In week 4, assignment 1,
there are two functions calculated in the linear_activation_backward() function,
I don’t get what excatle do they do.
And what is the activation_cache that has been passed to them. and what does it store?
In week 4, assignment 1,
there are two functions calculated in the linear_activation_backward() function,
I don’t get what excatle do they do.
And what is the activation_cache that has been passed to them. and what does it store?
The activation cache is the value that was returned during forward propagation by the corresponding activation function. If you check that code, you’ll see that it contains just the Z value.
You can examine the source for relu_backward
and sigmoid_backward
by clicking “File → Open” and then opening the python file that has the utility functions. You can figure out the name of that file by examining the “import” cell, which is the first code cell in the notebook.

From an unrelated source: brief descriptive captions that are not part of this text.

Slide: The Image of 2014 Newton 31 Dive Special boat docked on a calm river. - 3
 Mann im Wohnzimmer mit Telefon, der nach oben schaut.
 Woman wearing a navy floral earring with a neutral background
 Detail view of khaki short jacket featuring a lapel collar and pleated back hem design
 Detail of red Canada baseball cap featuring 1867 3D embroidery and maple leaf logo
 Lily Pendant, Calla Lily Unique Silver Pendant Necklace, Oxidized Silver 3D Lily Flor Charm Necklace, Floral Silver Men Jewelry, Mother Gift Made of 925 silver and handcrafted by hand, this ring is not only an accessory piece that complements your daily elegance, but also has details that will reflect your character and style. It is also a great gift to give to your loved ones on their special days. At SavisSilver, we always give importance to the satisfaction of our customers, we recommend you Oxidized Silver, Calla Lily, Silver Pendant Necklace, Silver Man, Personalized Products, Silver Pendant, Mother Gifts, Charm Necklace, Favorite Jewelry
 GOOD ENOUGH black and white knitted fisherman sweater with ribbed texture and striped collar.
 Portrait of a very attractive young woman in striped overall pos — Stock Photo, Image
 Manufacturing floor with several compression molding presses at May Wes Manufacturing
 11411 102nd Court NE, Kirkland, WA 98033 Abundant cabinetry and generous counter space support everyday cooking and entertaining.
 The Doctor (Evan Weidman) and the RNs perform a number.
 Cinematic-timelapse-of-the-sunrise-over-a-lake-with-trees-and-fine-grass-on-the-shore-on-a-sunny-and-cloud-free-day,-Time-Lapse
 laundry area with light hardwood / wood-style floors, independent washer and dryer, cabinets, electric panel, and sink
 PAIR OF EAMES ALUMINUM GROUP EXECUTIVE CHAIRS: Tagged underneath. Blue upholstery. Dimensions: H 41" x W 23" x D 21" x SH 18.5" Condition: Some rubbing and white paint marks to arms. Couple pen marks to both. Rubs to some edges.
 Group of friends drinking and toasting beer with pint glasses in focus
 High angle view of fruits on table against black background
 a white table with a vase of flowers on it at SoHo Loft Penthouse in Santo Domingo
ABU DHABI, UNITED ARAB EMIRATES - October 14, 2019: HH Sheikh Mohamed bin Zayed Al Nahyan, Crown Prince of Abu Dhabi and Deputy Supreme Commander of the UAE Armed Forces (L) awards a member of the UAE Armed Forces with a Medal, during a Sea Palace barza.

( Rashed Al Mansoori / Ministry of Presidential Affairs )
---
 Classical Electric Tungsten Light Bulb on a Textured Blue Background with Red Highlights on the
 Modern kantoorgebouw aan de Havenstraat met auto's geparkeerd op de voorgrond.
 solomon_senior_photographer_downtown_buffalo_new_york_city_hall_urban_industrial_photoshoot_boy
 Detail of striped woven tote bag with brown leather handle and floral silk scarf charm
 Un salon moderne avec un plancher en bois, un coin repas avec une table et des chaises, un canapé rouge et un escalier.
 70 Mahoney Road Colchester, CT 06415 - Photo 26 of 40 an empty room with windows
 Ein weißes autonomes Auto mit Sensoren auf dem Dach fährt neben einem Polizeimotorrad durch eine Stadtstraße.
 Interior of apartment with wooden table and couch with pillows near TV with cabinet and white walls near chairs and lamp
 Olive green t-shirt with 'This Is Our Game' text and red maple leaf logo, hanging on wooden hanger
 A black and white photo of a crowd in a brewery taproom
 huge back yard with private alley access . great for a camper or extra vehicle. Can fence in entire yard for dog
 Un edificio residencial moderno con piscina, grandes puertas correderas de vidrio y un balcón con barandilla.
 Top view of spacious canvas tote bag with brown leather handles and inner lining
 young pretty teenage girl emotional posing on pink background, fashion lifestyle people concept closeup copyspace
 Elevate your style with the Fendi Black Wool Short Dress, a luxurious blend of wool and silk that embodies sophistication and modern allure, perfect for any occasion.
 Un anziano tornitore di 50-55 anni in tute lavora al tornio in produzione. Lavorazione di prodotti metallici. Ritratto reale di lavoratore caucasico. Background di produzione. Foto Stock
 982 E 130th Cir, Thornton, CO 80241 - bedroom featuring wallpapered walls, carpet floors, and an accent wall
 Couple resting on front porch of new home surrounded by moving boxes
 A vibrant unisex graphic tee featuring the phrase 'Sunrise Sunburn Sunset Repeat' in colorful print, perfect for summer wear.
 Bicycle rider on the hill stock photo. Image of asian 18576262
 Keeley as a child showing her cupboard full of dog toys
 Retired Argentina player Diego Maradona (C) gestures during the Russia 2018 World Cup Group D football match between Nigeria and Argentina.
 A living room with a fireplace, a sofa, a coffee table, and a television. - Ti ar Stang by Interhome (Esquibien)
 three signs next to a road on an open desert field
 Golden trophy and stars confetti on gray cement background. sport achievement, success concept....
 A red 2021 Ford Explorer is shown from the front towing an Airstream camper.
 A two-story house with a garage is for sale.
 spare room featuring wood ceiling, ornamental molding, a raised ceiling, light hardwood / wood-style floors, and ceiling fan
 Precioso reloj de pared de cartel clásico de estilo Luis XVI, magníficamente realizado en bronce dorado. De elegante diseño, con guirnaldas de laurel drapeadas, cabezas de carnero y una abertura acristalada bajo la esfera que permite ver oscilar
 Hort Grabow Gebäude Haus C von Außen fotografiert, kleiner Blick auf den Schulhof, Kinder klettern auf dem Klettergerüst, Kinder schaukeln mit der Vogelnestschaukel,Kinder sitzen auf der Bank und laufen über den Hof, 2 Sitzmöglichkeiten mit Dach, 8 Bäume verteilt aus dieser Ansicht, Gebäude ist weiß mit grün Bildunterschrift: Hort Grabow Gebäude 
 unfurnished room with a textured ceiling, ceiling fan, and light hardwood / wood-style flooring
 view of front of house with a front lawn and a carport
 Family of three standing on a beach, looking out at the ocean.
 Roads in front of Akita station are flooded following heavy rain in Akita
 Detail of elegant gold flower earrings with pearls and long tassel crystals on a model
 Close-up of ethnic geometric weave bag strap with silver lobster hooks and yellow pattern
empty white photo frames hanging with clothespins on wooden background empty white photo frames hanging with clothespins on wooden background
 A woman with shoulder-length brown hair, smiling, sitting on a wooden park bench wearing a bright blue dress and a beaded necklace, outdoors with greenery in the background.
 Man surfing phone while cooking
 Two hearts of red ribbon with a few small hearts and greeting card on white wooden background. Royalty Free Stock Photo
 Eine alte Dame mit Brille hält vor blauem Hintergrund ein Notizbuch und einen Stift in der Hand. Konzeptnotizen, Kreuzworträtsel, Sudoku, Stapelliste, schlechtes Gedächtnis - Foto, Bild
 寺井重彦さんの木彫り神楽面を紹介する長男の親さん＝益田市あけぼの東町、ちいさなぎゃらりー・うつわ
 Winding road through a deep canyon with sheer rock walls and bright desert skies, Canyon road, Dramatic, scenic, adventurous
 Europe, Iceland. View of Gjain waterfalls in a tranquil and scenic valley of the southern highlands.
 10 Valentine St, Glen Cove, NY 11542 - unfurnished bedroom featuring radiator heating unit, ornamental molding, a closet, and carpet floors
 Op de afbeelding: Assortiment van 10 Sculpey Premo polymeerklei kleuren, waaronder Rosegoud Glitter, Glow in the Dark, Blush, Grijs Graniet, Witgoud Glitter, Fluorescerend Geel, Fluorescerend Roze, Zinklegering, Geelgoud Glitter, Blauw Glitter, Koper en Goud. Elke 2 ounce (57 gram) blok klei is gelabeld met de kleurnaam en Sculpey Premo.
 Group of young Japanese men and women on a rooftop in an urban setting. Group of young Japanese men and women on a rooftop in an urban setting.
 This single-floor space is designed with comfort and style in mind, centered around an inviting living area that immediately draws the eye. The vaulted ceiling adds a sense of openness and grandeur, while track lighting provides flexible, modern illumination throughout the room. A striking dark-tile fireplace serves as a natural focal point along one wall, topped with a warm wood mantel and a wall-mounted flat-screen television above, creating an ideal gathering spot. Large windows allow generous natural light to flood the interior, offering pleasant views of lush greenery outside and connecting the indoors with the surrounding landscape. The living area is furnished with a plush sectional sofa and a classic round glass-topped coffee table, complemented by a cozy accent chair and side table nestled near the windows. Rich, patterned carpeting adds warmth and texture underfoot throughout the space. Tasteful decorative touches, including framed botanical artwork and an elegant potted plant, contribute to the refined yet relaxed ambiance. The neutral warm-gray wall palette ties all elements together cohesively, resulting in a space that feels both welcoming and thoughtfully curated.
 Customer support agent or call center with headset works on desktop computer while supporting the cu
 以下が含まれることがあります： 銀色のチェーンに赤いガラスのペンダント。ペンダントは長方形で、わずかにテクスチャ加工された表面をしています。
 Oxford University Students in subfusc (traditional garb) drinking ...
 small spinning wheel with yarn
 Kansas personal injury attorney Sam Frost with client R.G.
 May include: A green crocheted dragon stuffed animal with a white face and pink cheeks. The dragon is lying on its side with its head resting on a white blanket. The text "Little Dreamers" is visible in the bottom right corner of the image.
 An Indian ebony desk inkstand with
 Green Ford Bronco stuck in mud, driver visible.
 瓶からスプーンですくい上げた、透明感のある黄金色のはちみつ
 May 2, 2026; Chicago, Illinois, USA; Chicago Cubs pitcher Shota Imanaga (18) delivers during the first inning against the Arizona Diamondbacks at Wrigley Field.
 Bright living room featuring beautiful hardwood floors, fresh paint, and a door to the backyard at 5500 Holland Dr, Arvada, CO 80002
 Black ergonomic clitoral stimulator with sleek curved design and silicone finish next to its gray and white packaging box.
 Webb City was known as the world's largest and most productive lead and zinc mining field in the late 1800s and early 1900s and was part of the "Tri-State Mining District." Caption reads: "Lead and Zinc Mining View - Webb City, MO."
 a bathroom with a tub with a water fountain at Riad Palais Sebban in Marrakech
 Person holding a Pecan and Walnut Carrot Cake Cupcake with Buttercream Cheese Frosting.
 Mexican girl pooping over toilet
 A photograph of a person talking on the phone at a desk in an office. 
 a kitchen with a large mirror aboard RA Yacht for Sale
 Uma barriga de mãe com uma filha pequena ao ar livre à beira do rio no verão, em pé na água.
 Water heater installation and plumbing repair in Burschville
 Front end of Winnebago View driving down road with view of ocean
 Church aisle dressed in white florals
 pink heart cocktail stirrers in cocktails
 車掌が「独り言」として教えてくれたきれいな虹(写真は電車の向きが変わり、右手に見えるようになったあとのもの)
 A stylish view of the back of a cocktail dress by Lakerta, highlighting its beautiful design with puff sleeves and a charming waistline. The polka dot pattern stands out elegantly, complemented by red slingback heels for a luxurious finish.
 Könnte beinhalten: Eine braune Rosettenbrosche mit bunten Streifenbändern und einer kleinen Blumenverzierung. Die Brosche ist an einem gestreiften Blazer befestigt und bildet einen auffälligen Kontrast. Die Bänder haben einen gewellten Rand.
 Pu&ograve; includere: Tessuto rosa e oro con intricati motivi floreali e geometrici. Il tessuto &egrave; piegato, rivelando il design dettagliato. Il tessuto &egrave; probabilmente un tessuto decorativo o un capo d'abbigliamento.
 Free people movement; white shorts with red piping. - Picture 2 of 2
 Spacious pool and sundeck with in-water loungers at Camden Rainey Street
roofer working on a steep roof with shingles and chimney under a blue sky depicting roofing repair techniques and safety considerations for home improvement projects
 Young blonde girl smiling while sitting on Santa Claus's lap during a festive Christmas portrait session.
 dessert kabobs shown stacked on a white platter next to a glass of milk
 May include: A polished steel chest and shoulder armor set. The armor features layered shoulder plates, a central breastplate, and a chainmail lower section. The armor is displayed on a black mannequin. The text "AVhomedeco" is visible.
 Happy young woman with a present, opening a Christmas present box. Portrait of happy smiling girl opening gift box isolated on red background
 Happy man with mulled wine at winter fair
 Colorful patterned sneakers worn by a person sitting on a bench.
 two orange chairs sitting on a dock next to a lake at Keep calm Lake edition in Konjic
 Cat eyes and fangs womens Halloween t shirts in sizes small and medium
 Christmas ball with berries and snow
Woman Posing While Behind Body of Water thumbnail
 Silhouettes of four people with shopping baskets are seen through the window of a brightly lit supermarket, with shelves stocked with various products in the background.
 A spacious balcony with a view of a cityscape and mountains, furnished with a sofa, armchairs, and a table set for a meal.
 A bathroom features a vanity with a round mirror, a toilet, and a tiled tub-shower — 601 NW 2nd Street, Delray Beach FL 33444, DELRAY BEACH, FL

Note that the code for relu
and sigmoid
is also in that same python utility file.
Hi @Osama_Saad_Farouk ,
I would like to add some additional notes to @paulinpaloalto ’ explanation, with the way I was able to understand this:
To understand the backward propagation, I think that it is important to first understand the forward propagation in detail.
Remember that in the Forward Prop, we go from the inputs, layer by layer, to the output. So we traverse all hidden layers, one by one.
As you know, each layer is made out of 1 or more units. While doing Forward Prop, we do two operations in each unit: a LINEAR operation (W * A + b) and a NON-LINEAR operation (in this case, ReLU or Sigmoid).
So keep this in mind: 2 operations per unit in each layer, from start to end.
And now we arrive to your question, which is related to the Back Prop:
While in the Forward Prop we were going from first to last layer, in the *BACK PROP we go in reverse from last layer to first, layer by layer, and inside each layer we go unit by unit (in reality units are processed in parallel, but just bear with me). In other words, we have to go exactly through the very same steps of Forward Prop, but in reverse.
Remember how we had 2 operations per unit in the Forward Prop, Linear and Non-Linear? Well, for the back prop, we have to do the exact same thing: effect 2 operations per unit, but in reverse order: First an operation related to the Non-Linear part, and then another operation of the Linear part.
And this is exactly the place where your question gets answered: You need to do a Gradient calculation for the NonLinear and then a calculation of Gradient for the Linear part.
In the exercise, they are providing the operations related to the “Non-Linear” part and you can explore the code exactly as @paulinpaloalto indicated above. These operations of the “Non-Linear” part are the relu_backward and sigmoid_backward. These operations will basically give you the “Gradient of the cost with respect to the activation”, be it the sigmoid activation or the ReLU activation.
Well, at least that’s how I explained this to myself - I hope this helps.
Juan